Now riddle me this, how do humans identify an entity or one person, LLC, C-Corp, Trust, etc., address, asset class (mineral interest, working interest, ORRI), contact info, and document type when there are over 20 million unstructured legal and regulatory documents and within those documents are over 30 million names across 15 million unique tract descriptions across just six different county data sources, 200 different county instrument types, and six different regulatory filings, five different data formats, with inconsistent data quality – misspellings, missing data elements, etc.? 

Humans don’t (coming soon: a tee shirt with the slogan ‘humans don’t’). From the bowels of experience, if you endeavored to, one credible estimate is that it would cost you $.40/name or +$9MM for manual entity extraction before standardization, normalization, cleaning, etc. of the data. But that’s not even the worst part. Not even close. One offshore “analyst” can only do ~200 standardizations per day (200 entries using home row keys). 24MM standardizations is roughly 121,000 man days – to just extract the names/addresses, etc. That’s why this is not your Texas Ad Valorem tax dataset. This is the world of unstructured data. Not quite the quantum realm, but still not a party. 

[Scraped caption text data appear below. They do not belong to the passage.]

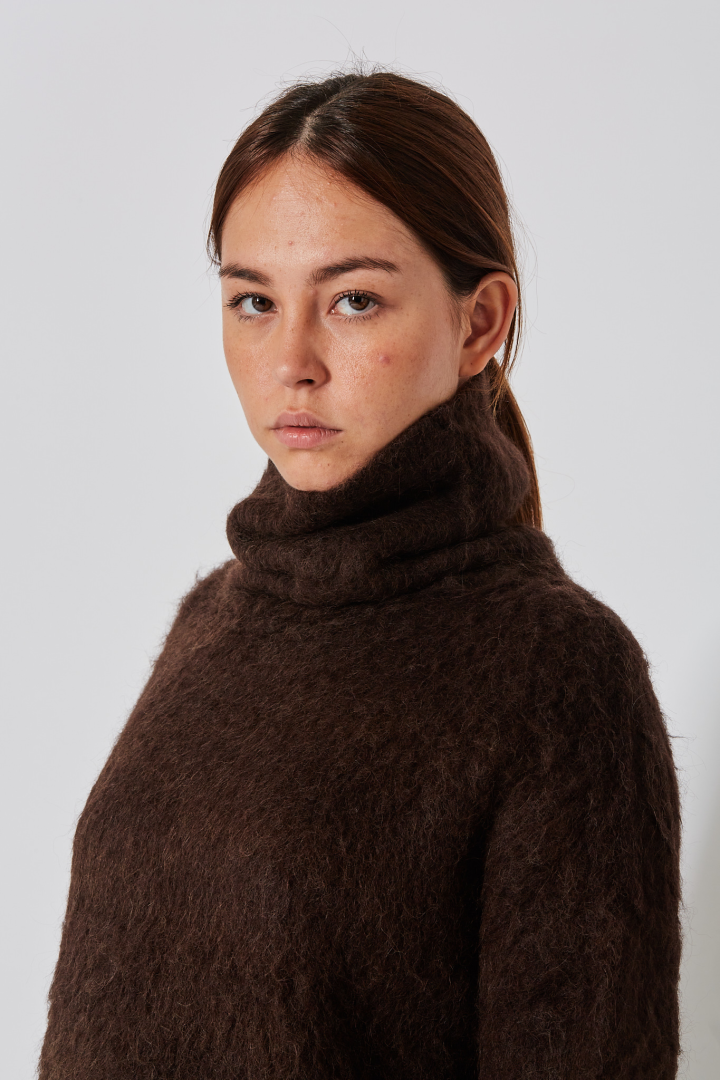 High Neck Top - Dark Brown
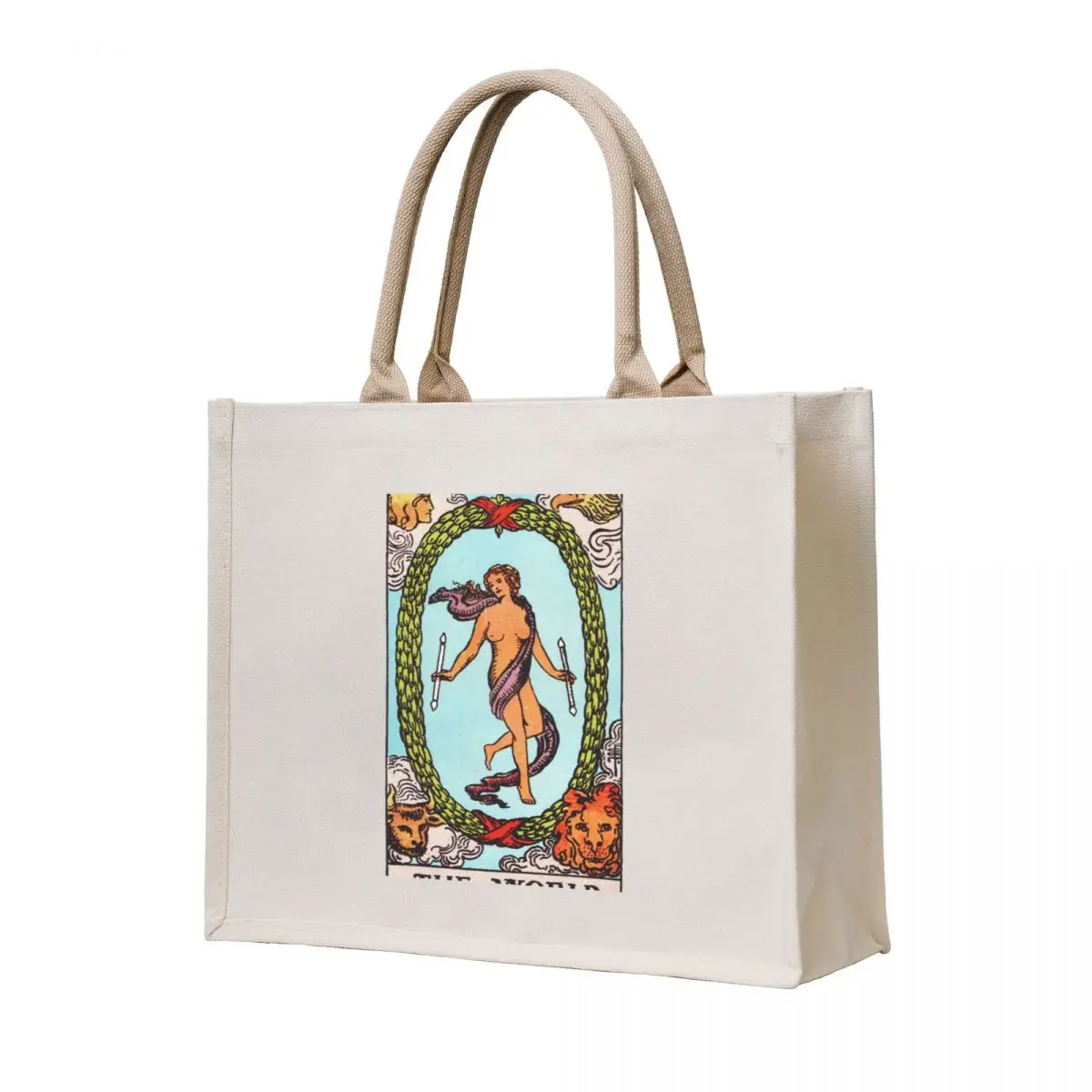 

Tarot - The World Card Tote Bag reusable grocery bags canvas tote bag supermarket folding bag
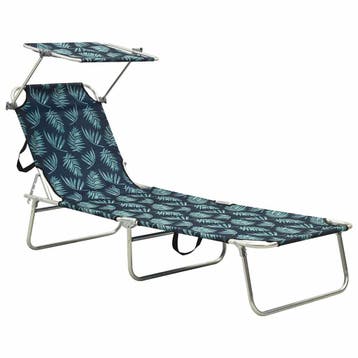 vidaXL Ligbed met luifel inklapbaar staal bladmotief, Tuin en Terras, Verzenden, Nieuw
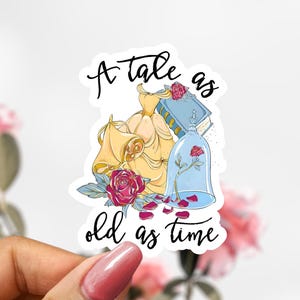 Tale as Old As Time Belle Sticker, Disney Beauty & Beast Decal, Princess Sticker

Original Names & Addresses
Persons Identified
Organizations Identified

From over 24 million names & addresses, we linked 1.2 million persons & 2.75 thousand organizations.

And have a process to add data from any source, at any scale.

Economics of entity extraction and linking AFTER acquisition and aggregation of the source documents:

  • 24,265,130 names *$.40/name (name, address, legal description, instrument type, dates= $9,706,052 for manual entity extraction 
  • if an analyst could do 200 standardizations/day:
    • 24,265,130/200= 121,325 days. it would take 400 analysts 300 days to complete just 2 states, county and regulatory sources back to 2000. Not including title, just extraction.

So, what’s the game plan for handling 24+ million entities across courthouse records and regulatory data to generate substantial value for acquisition teams at scale? Let’s face it, the mineral and royalty interests market is tough. And here we stand, peering down the barrel of the largest transfer of wealth in history, courtesy of the aging baby boomer population. What used to be a single Net Mineral Acre is now being divvied up into minuscule fractions among multiple inheritors, yet transaction costs or title remains flat. How do we deploy at scale and not become reliant on marketed or networked deals? With mammoth consolidators, both publicly owned and backed by private equity, how on earth does one even begin to carve out a piece of this colossal $700 billion market at scale? 

It’s a mindbend worth pondering. I believe this much. An asset management team must have a very large pool of prospect opportunities on its plate relative to its projected capital deployment. Put more bluntly, it’s been shown time and time again that when too much money chases too few good deals, the outcome isn’t favorable. You want to increase your funnel of quality deal flow and select the best candidates. Not underwrite to conviction. I’m working my way to discuss just how to do that. But for now, I’m tapped out. We’ll reconvene on this topic in a future blog post.